**WHAT IS BEING ASKED:** Copy exactly the lines of the material below that fall between the line with "ディッシュビューティー(di" and the line with "Ein Origineller Kleiner", both of those lines included; pictures stay out.

**DATA EXTRACT:**
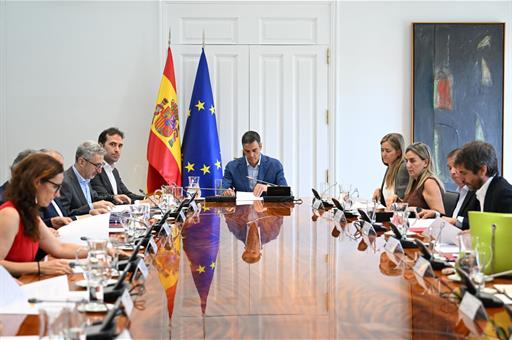 Pedro Sánchez, presidente de España, preside la reunión de coordinación para el Trío de Eclipses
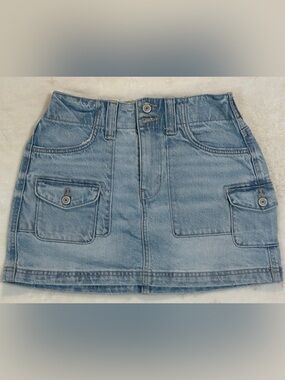 American Eagle Outfitters Light Wash Denim Cargo Mini Skirt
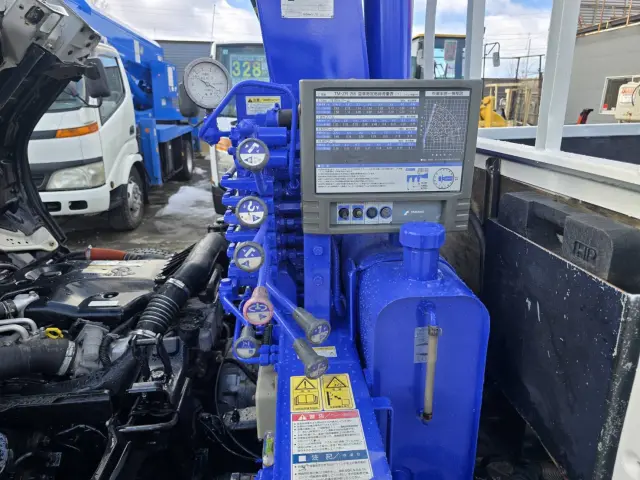 いすゞ エルフ BKG-NKR85AR(2WD)の写真19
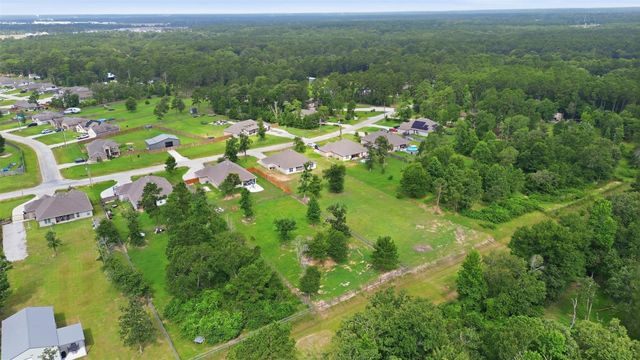 6422 Rolling Hills Road, Conroe, TX 77303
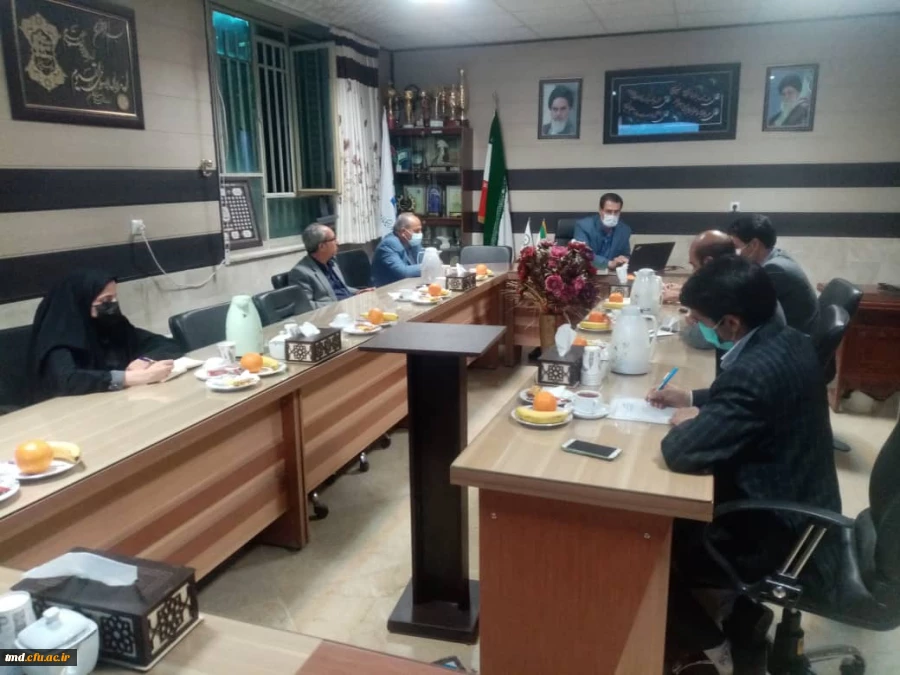 با حضور مدرسین درس کارورزی 4 برگزار شد : 
چهارمین جلسه کارگروه کارورزی 4 با حضور آقای دکتر رئوفیان 2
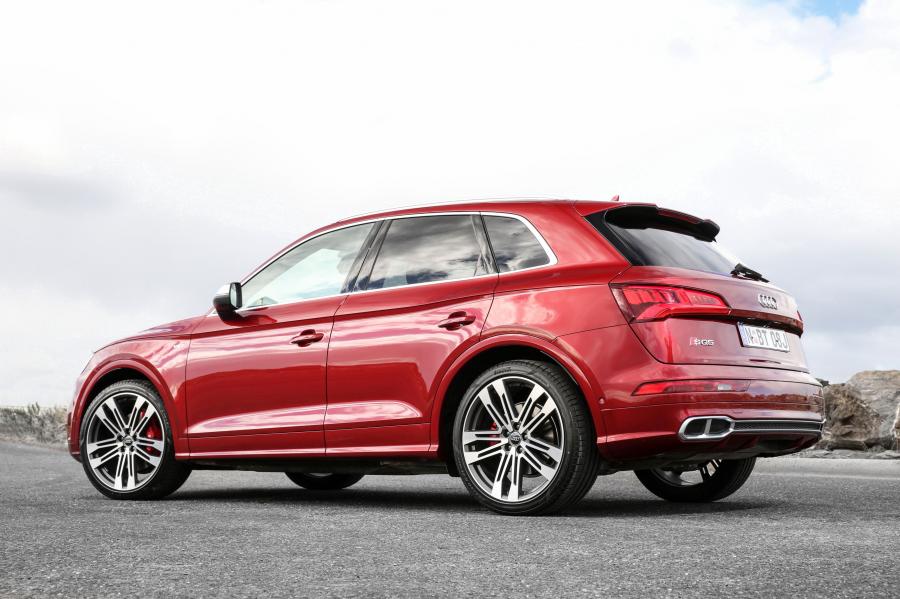  Audi SQ5 3.0 TFSI 2017 года  (AU) (фото 17 из 40)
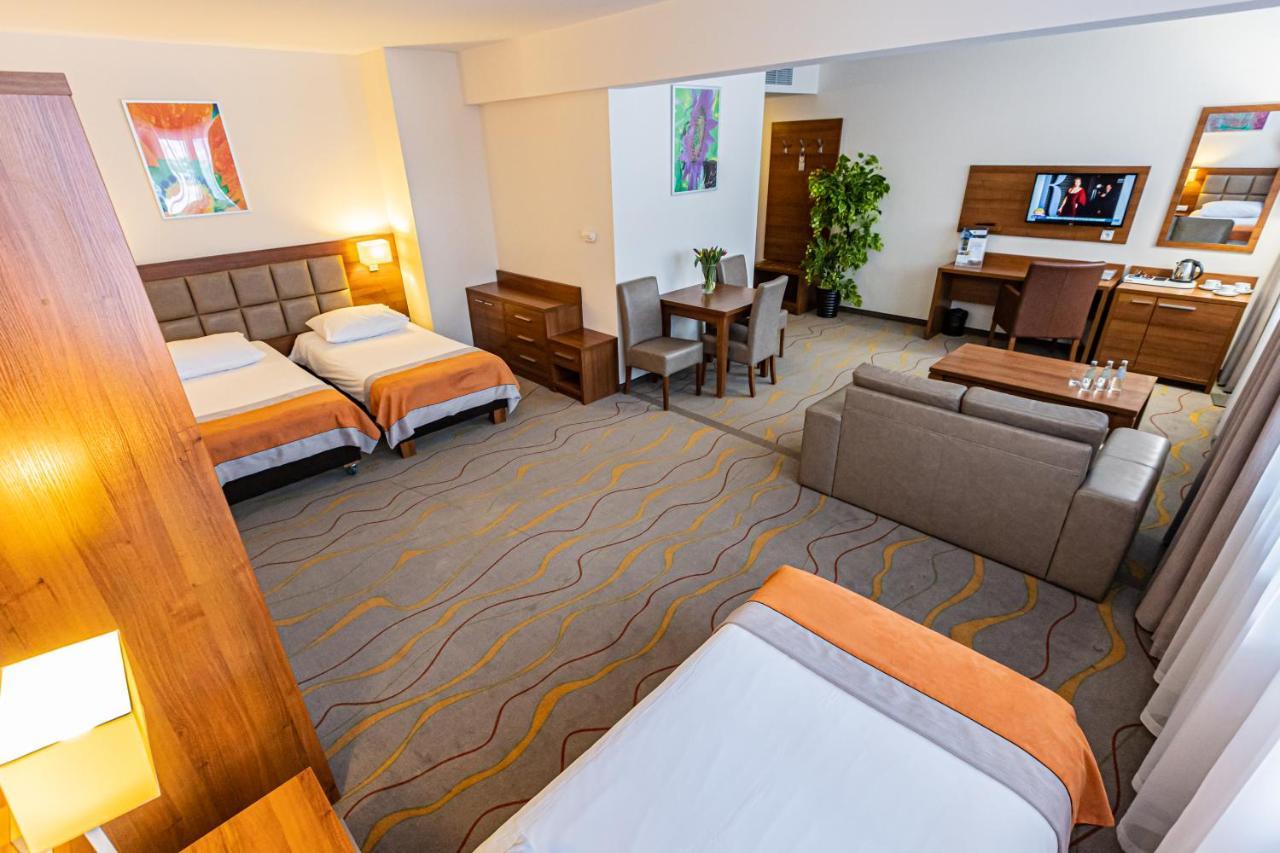 Hotel Olivia Medical Spa Skomielna Czarna المظهر الخارجي الصورة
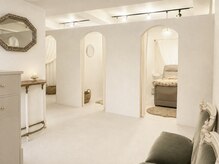 ディッシュビューティー(dish beauty)の雰囲気（白を基調とした個室の落ち着いた空間でゆったり施術♪）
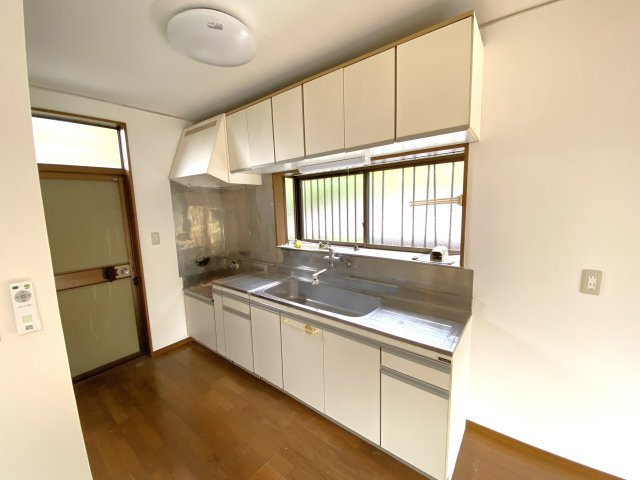 清水貸家のキッチン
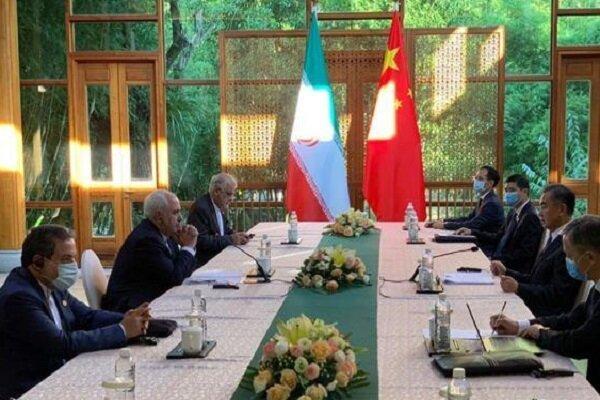 ظریف و وزیر خارجه چین با یکدیگر گفتگو و تبادل نظر کردند ظریف و وزیر خارجه چین با یکدیگر مصاحبه و مصاحبه کردند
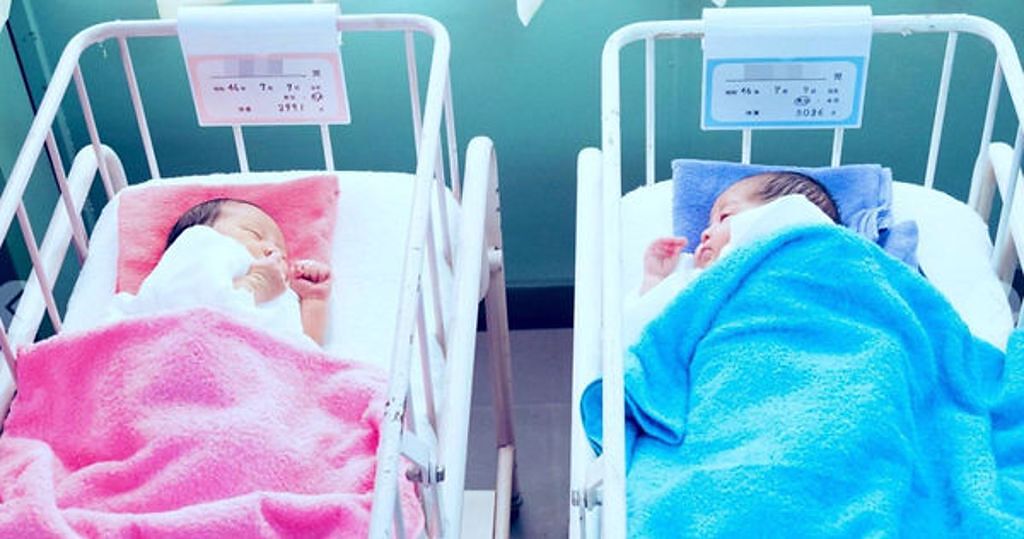 一名日本網友分享，婚後發現她出生時躺在隔壁保溫箱的男嬰，竟然是她現在的老公。。（圖／翻攝自 かかまつ推特）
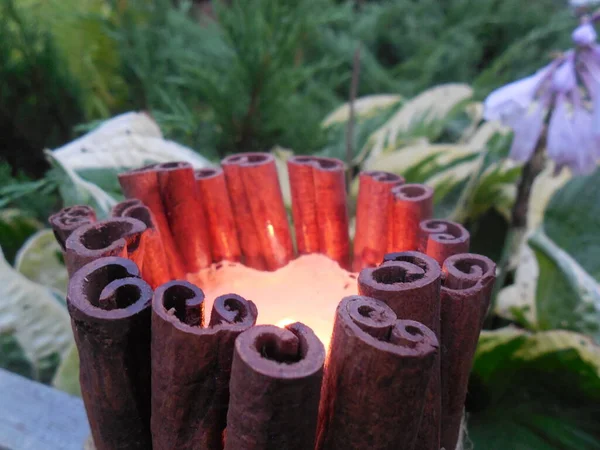 Ein Origineller Kleiner Kerzenständer Mit Brennender Kerze Auf Dem Hintergrund — Stockfoto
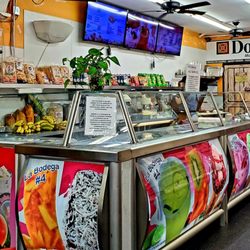 La Bodega - La Michoacana Ice Cream located inside LA Bodega Market - Long Beach, CA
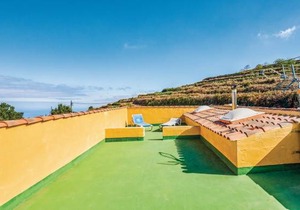 2 bedroom accommodation in Icod el Alto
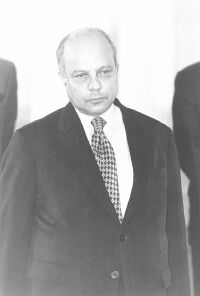 PAK.JPG (7499 BYTES)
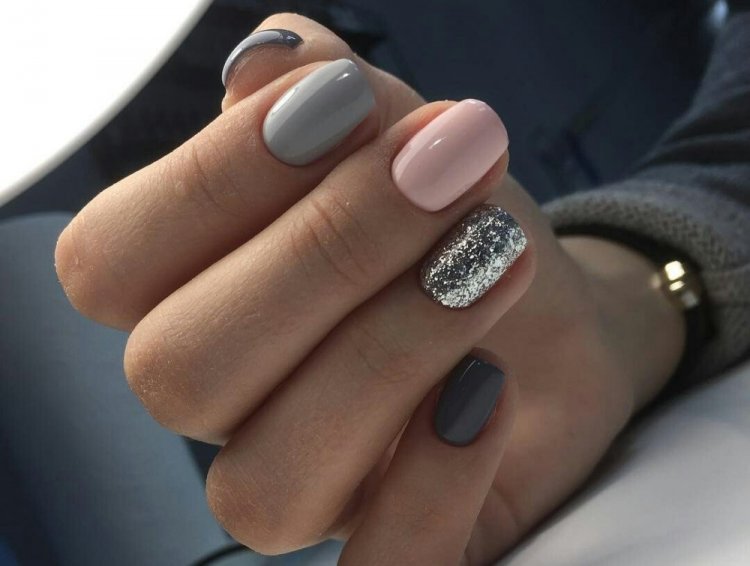 Маникюр «Бежевый с серым»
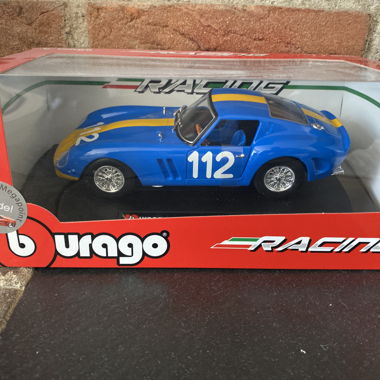 Auto da corsa modellino Bburago 1:24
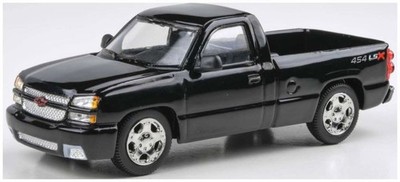 2006 CHEVROLET SILVERADO PICK UP - ONYX BLACK  - 1:64 SCALE - PARA 64 -PB-55381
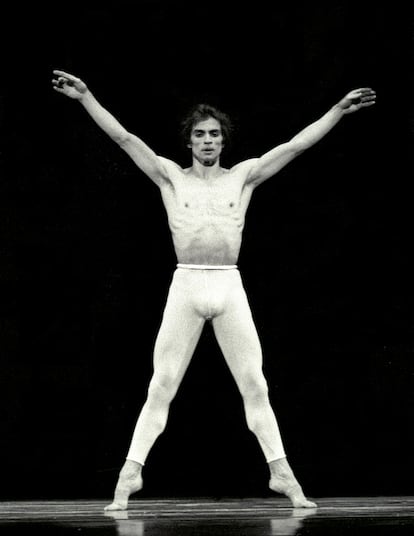 Detalle de la textura de una prenda de cuero adaptada al cuerpo del danseur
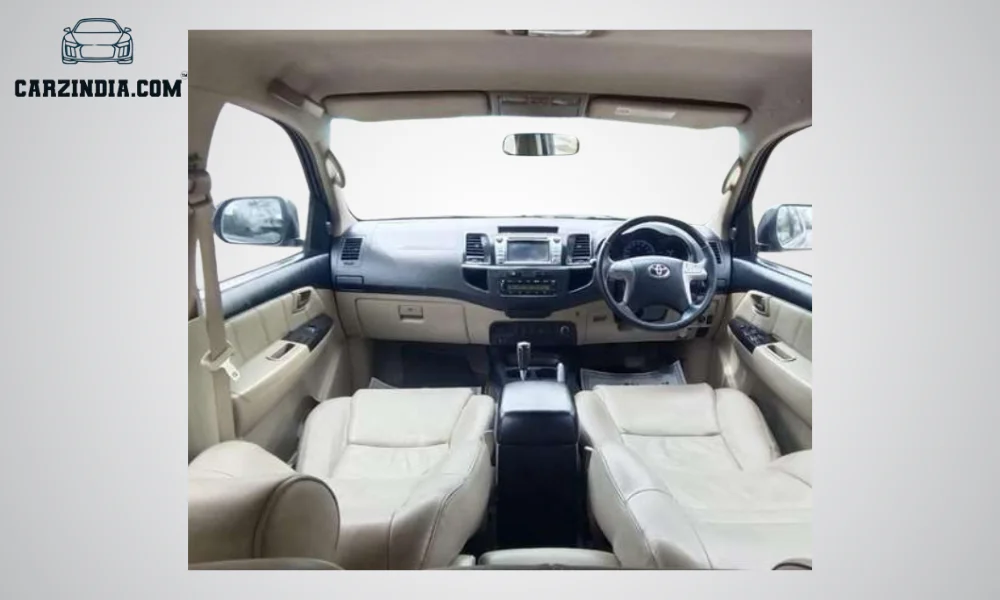 Toyota Fortuner 4*2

**WRITTEN ANSWER:**
 ディッシュビューティー(dish beauty)の雰囲気（白を基調とした個室の落ち着いた空間でゆったり施術♪）
 清水貸家のキッチン
 ظریف و وزیر خارجه چین با یکدیگر گفتگو و تبادل نظر کردند ظریف و وزیر خارجه چین با یکدیگر مصاحبه و مصاحبه کردند
 一名日本網友分享，婚後發現她出生時躺在隔壁保溫箱的男嬰，竟然是她現在的老公。。（圖／翻攝自 かかまつ推特）
 Ein Origineller Kleiner Kerzenständer Mit Brennender Kerze Auf Dem Hintergrund — Stockfoto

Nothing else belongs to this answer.